=== Section Start ===

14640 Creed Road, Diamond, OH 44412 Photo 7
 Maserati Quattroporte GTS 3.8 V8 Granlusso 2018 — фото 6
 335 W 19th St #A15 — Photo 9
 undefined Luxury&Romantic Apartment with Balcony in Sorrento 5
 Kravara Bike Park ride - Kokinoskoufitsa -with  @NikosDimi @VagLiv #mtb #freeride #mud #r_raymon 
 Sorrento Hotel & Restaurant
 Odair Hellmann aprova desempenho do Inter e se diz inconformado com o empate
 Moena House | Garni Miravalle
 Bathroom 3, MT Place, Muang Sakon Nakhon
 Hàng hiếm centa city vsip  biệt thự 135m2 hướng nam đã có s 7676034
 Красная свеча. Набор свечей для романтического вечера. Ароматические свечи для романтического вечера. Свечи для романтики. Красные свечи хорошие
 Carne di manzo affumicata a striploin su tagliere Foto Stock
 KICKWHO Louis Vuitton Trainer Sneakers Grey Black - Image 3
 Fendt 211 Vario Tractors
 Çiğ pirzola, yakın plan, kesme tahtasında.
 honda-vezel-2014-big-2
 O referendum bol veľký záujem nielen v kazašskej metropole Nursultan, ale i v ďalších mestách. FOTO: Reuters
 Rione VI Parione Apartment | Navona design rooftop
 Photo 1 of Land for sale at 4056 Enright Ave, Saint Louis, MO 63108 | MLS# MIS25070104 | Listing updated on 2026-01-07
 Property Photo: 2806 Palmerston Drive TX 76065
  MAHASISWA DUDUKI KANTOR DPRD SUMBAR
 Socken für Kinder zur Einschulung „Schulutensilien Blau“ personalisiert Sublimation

=== Section End ===

**PROBLEM STATEMENT:** Among the entries above, find the line with "Odair Hellmann aprova" and the line with "honda-vezel-2014-big-2"; give again exactly these two lines and all lines between them.

**EXERCISE RESULT:**
 Odair Hellmann aprova desempenho do Inter e se diz inconformado com o empate
 Moena House | Garni Miravalle
 Bathroom 3, MT Place, Muang Sakon Nakhon
 Hàng hiếm centa city vsip  biệt thự 135m2 hướng nam đã có s 7676034
 Красная свеча. Набор свечей для романтического вечера. Ароматические свечи для романтического вечера. Свечи для романтики. Красные свечи хорошие
 Carne di manzo affumicata a striploin su tagliere Foto Stock
 KICKWHO Louis Vuitton Trainer Sneakers Grey Black - Image 3
 Fendt 211 Vario Tractors
 Çiğ pirzola, yakın plan, kesme tahtasında.
 honda-vezel-2014-big-2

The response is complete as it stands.